*** Begin section ***
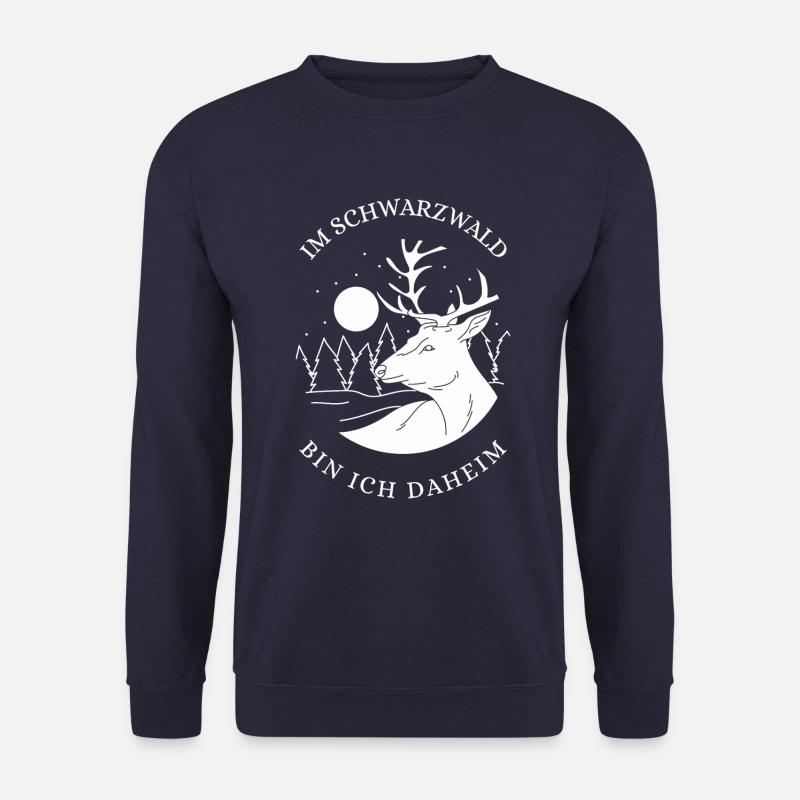 Schwarzwald Hirsch Mond - Unisex Pullover - Navy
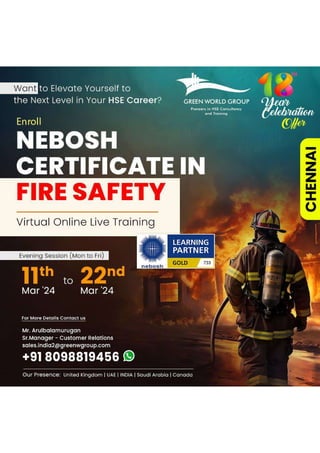 Crafting a structured study Plan -  Nebosh  in Fire Safety in Chennai.pdf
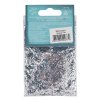 Блестки декоративные DECOLA размер 1 мм, 20 г, серебро NP-W041-202-1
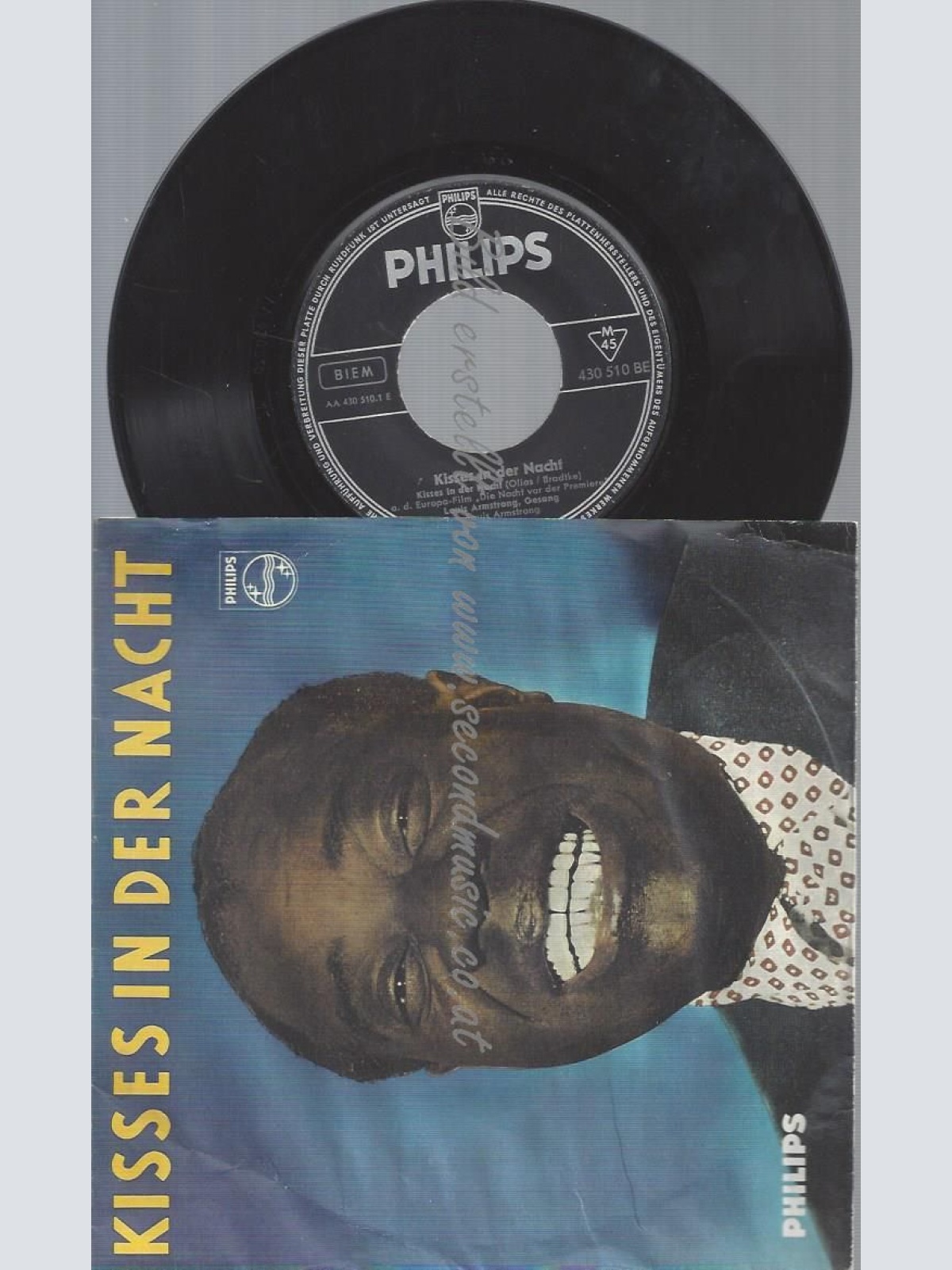 7"  Louis Armstrong  Kisses In Der Nacht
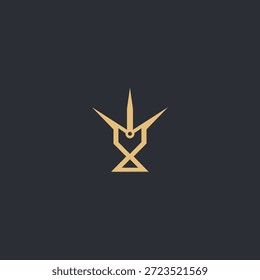 Logotipo do marcador de hora abstrato geométrico simbolizando tempo, precisão e foco.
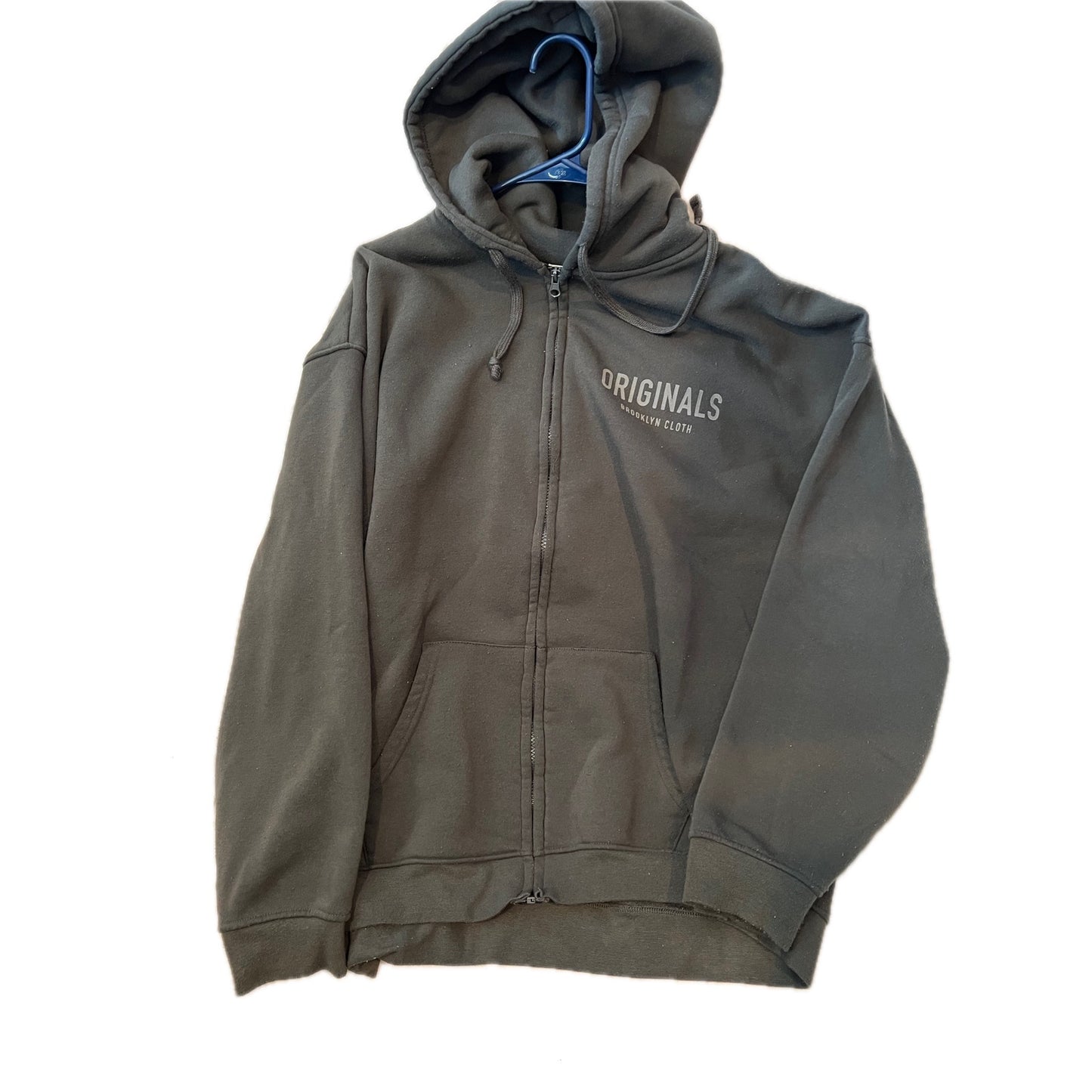 Sudadera con capucha Originals By Brooklyn Cloth con cremallera completa para hombre XL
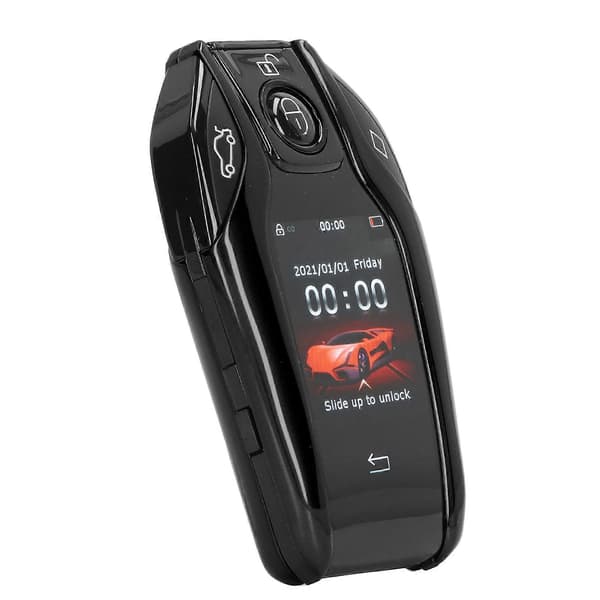 Universal TK800+ LCD Touch Screen Smart Key Fjärrkontroll Nyckellös Start för Alla Modeller med Start Stop Engine-knapp Svart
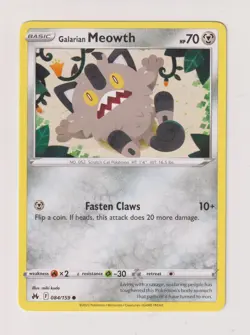 Galarian Meowth / Galar-Mauzi - Pokemon 2023 - Crown Zenith - 084/159 - Image 1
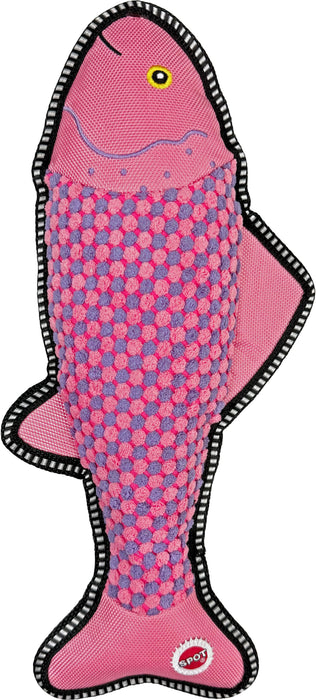 Spot Ethical Products Dura-Fused Fish Dog Toy, Assorted, 14 inches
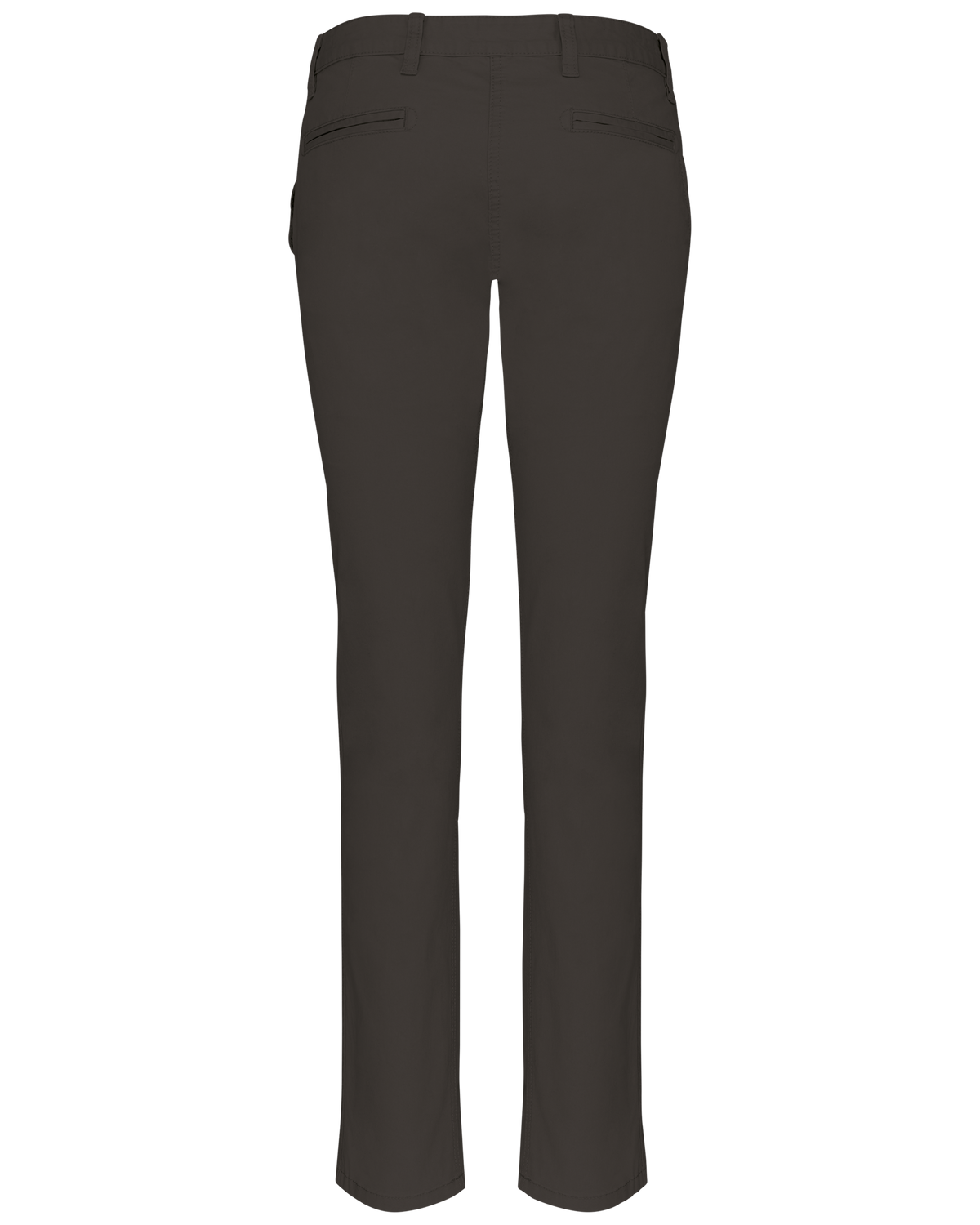 K741 - Pantalón chino mujer - Dark Grey - trasera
*** End section ***
> WHAT IS NEEDED
Although pictures appear among the records above, none are to be output; print exactly the lines from the line containing "Sudadera con capucha" through the line containing "Spot Ethical Products".

> EXERCISE RESPONSE
 Sudadera con capucha Originals By Brooklyn Cloth con cremallera completa para hombre XL
 Universal TK800+ LCD Touch Screen Smart Key Fjärrkontroll Nyckellös Start för Alla Modeller med Start Stop Engine-knapp Svart
 Galarian Meowth / Galar-Mauzi - Pokemon 2023 - Crown Zenith - 084/159 - Image 1
 Spot Ethical Products Dura-Fused Fish Dog Toy, Assorted, 14 inches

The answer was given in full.